MoreSperm.com is a website designed to offer current, researched information on sperm and overall male reproductive and sexual health to any interested individual.
We do not claim to be experts on sperm, male reproductive nor sexual health. However, all the information compiled and presented is sourced with our utmost care and we intend to provide reliable information wherever possible. If you think we've made a slip up, please tell us and we'll investigate. We always recommend you check with an appropriate medical professional about your particular situation before making any severe medical, lifestyle or dietary changes.
Most of the data we provide are sourced from clinical trials, double-blind research and academic journals. We chose these mediums for their well-founded facts, figures and statistics.
Here's brief description of types of sources we use within the website:
If you have any questions or concerns, please email us directly.
- A clinical trial follows a protocol ensuring a panel of experts confirms all its documents and it strictly adheres to standards set forth by study investigators, even if conducted in various countries. The protocol includes scientific rationale, objectives, design, methodology, statistical considerations, and organization of the planned trial.

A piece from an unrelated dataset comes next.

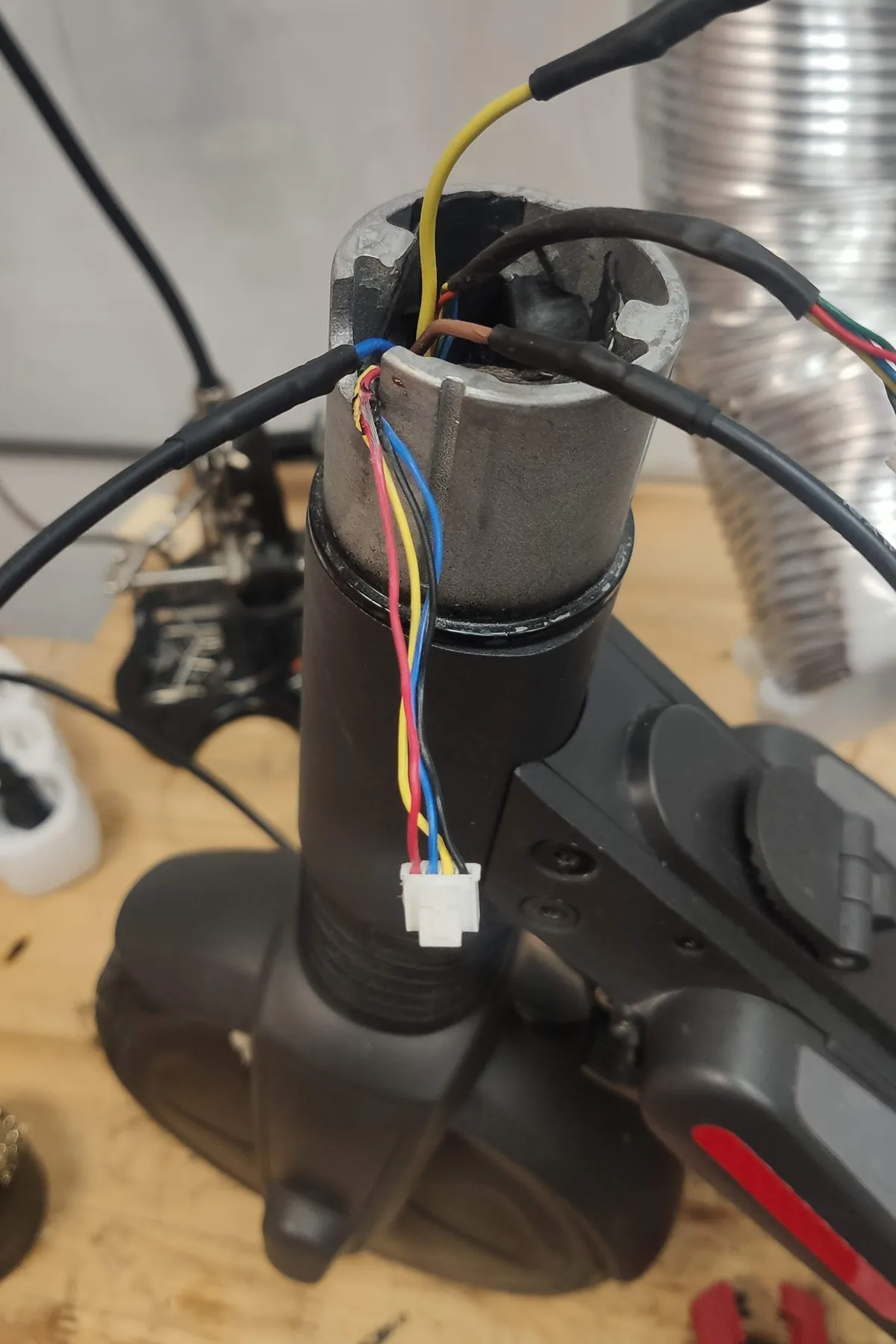 Servis batérie elektrickej kolobežky oprava kabeláže elektrickej koloebžky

- A double-blind research is an especially stringent way of conducting an experiment. In a double-blind experiment, both subjects and experimenters are not aware which participants are actually being given medication (and which are given placebos). The key that would identify which is which is kept by a third part. Only after all the data have been recorded and analyzed, do the researchers find out which individuals or group of individuals is which. Its main purpose is to eliminate subjective bias on the part of both participants and conductors of the experiment.
- An academic journal is a peer-reviewed periodical in which scholarship relating to a particular academic discipline is published. These journals are highly dependable source for introduction or scrutiny of new research, or the critique of existing research. Contents are usually in the form of articles.